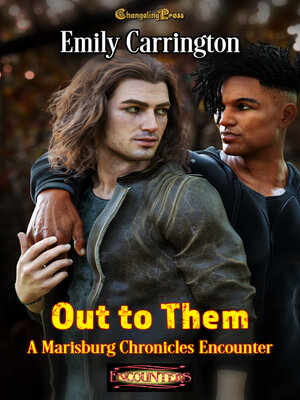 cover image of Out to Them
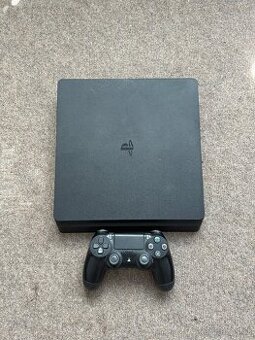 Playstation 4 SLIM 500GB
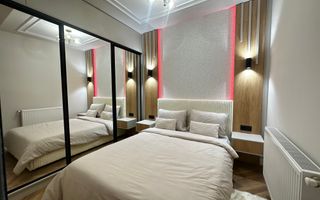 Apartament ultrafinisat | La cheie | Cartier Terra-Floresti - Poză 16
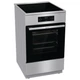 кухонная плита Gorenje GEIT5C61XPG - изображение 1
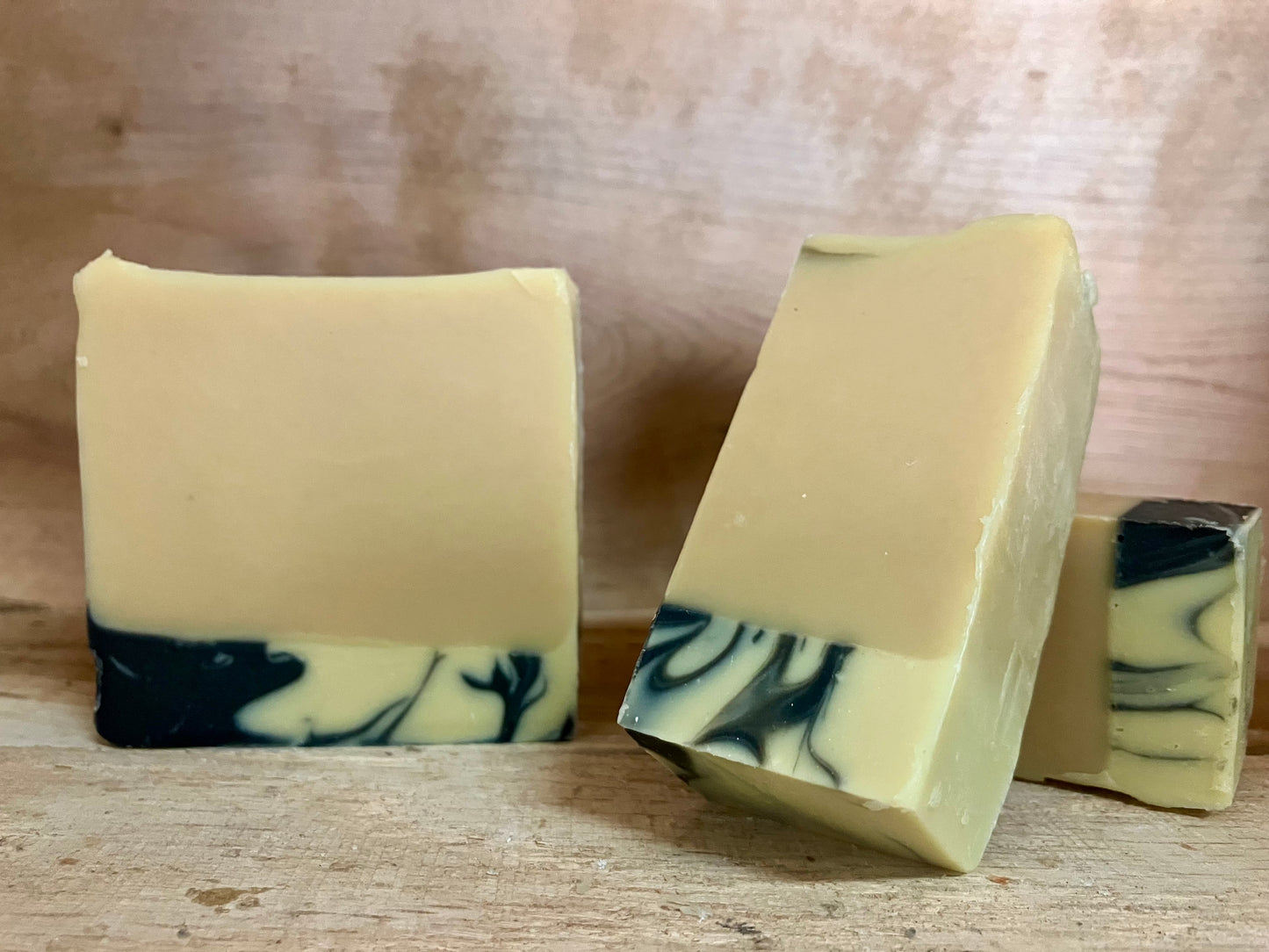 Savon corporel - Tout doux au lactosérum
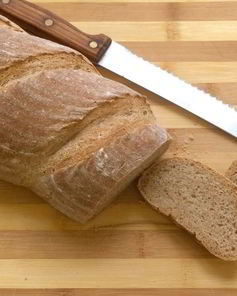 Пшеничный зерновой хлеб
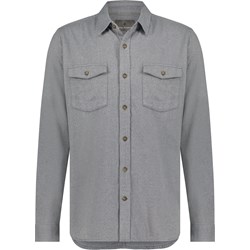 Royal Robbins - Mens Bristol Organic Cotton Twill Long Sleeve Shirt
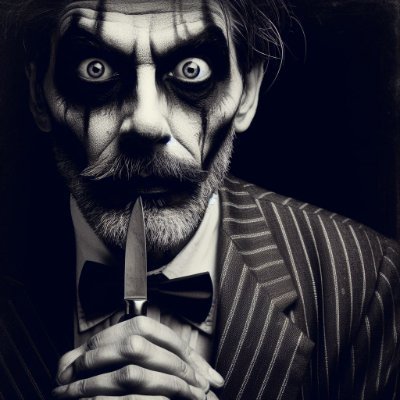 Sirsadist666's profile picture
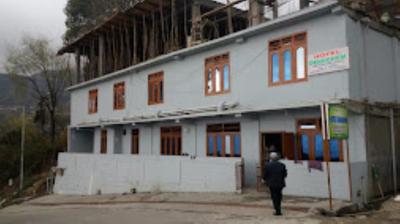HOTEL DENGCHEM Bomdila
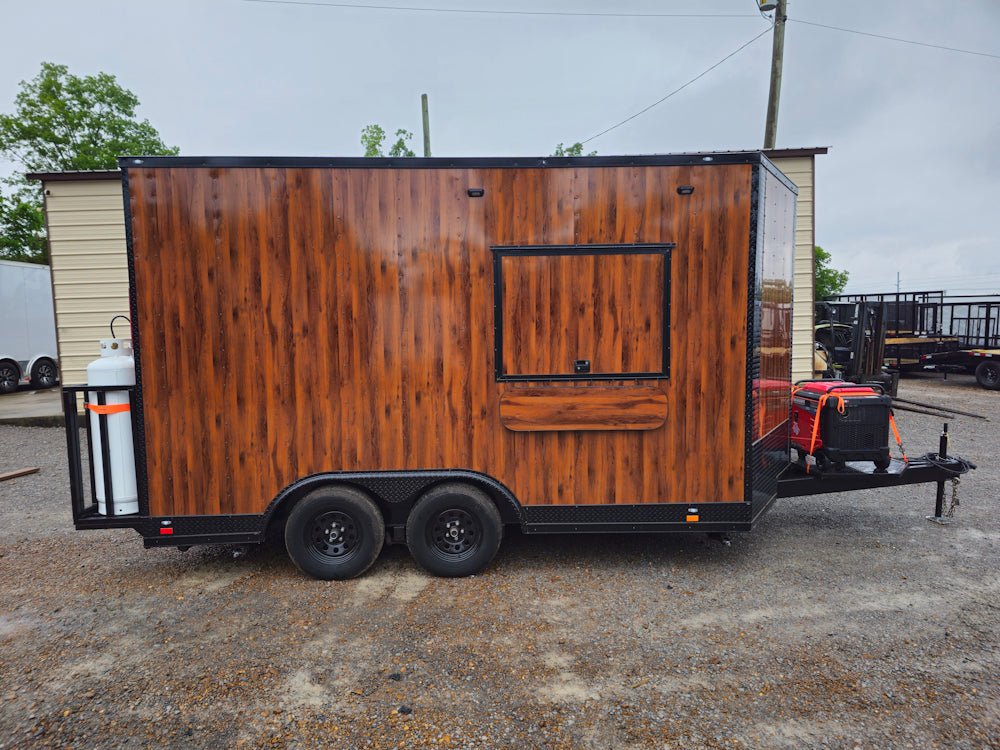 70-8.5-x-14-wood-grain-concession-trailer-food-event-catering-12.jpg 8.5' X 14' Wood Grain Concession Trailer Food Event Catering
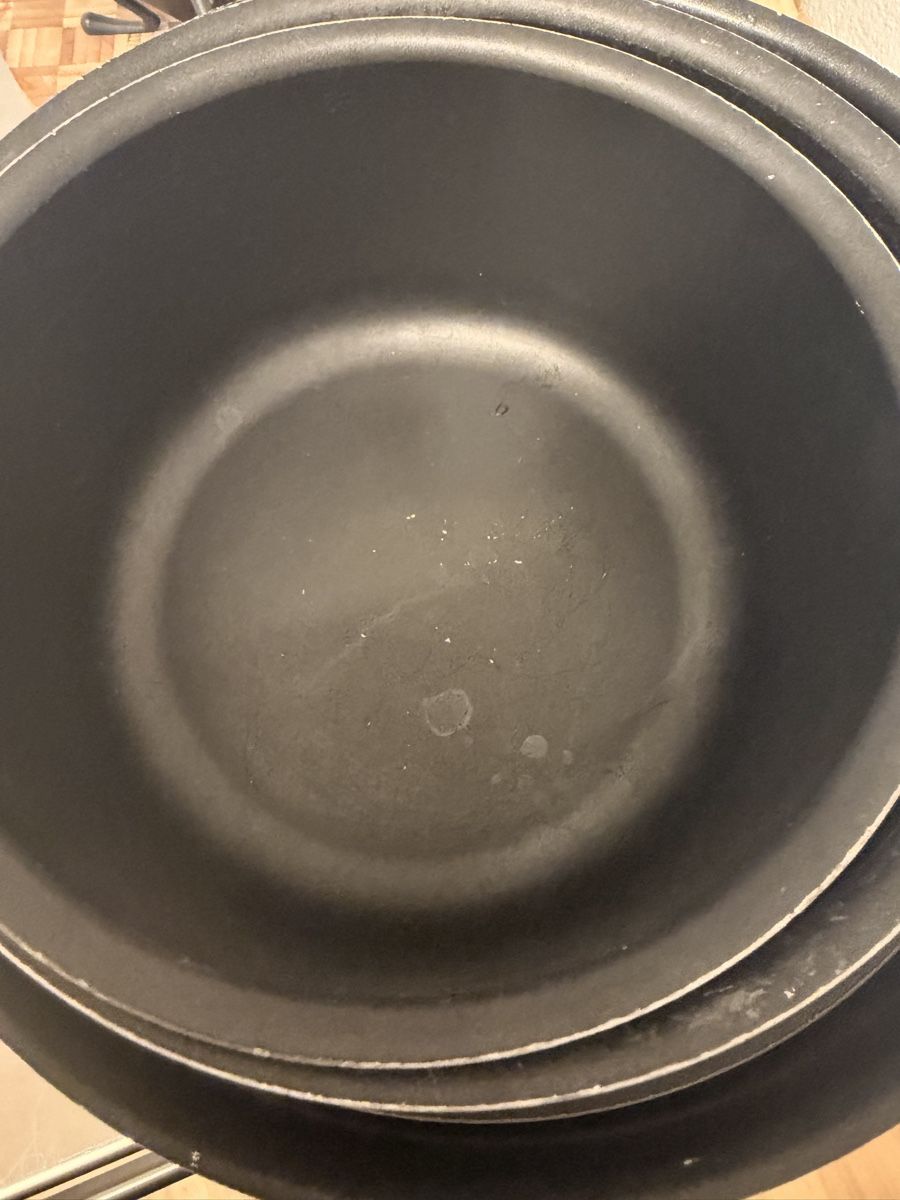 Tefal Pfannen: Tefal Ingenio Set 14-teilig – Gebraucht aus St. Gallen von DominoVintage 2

◇ ◇ ◇ ◇ ◇

* What is required
Please retype the lines from the one that contains "Royal Robbins - Mens" to the final line of the records, both included, exactly as written and without any pictures.

* Solution to the exercise
 Royal Robbins - Mens Bristol Organic Cotton Twill Long Sleeve Shirt
 Sirsadist666's profile picture
HOTEL DENGCHEM Bomdila
 70-8.5-x-14-wood-grain-concession-trailer-food-event-catering-12.jpg 8.5' X 14' Wood Grain Concession Trailer Food Event Catering
 Tefal Pfannen: Tefal Ingenio Set 14-teilig – Gebraucht aus St. Gallen von DominoVintage 2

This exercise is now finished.